WHAT TO PRODUCE: Retype the data below exactly, skipping pictures.

DATA SEGMENT:
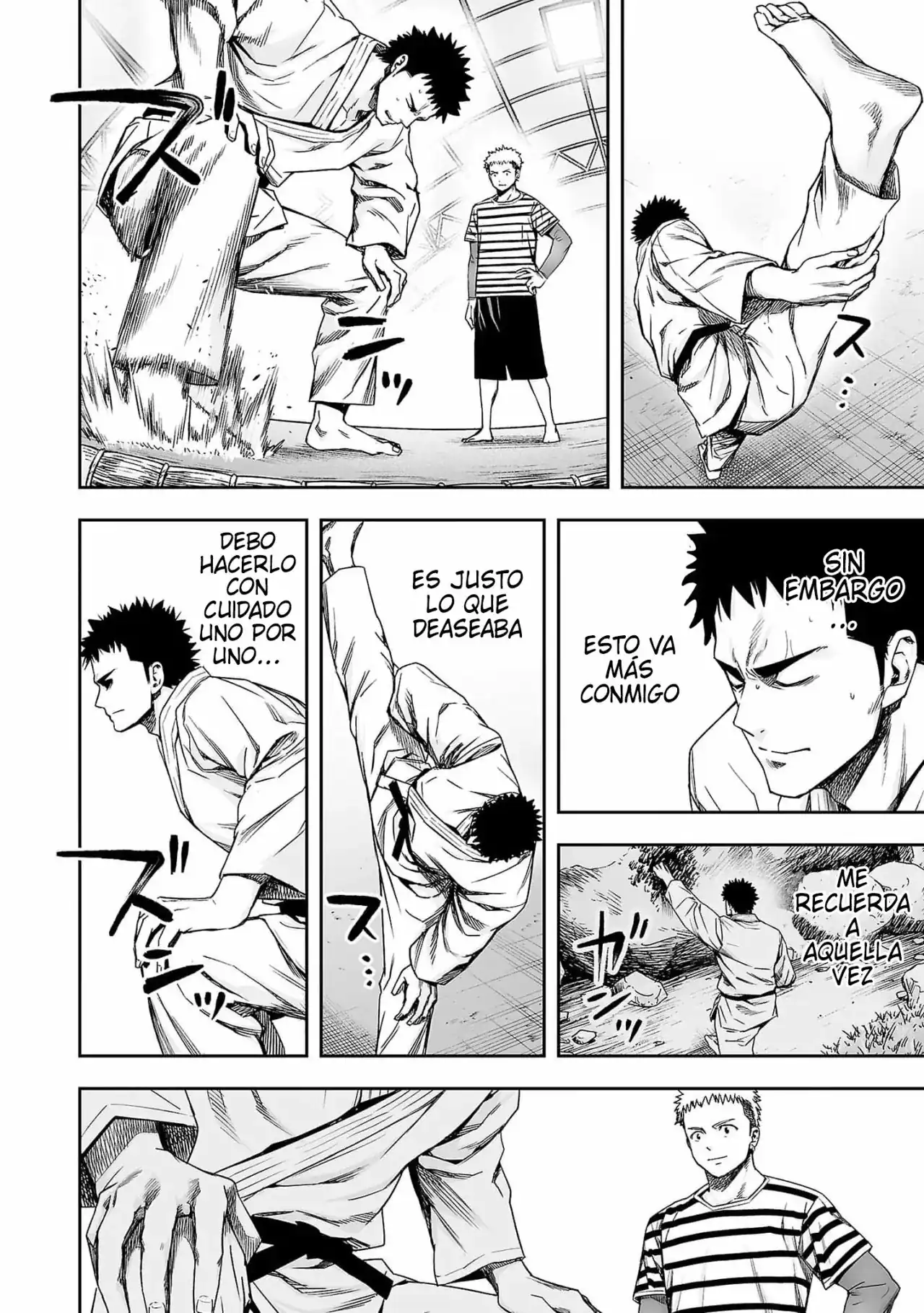 Página 12 — Capítulo 170 de Tsuyoshi: Daremo Katenai, Aitsu ni wa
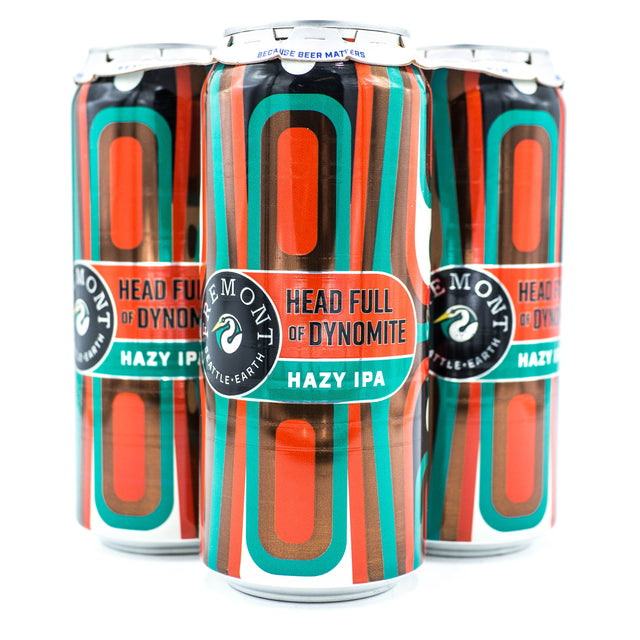 Fremont Head Full Of Dynamite V49 Hazy IPA 4pk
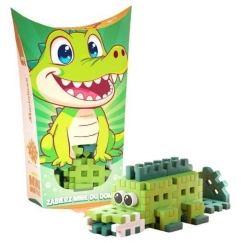 Marioinex Mini Waffle Pocket Pets Nahkhiir – loomingulised ehitusplokid lastele ZA6662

REPLY TO THE EXERCISE:
 Página 12 — Capítulo 170 de Tsuyoshi: Daremo Katenai, Aitsu ni wa
 Fremont Head Full Of Dynamite V49 Hazy IPA 4pk
 Marioinex Mini Waffle Pocket Pets Nahkhiir – loomingulised ehitusplokid lastele ZA6662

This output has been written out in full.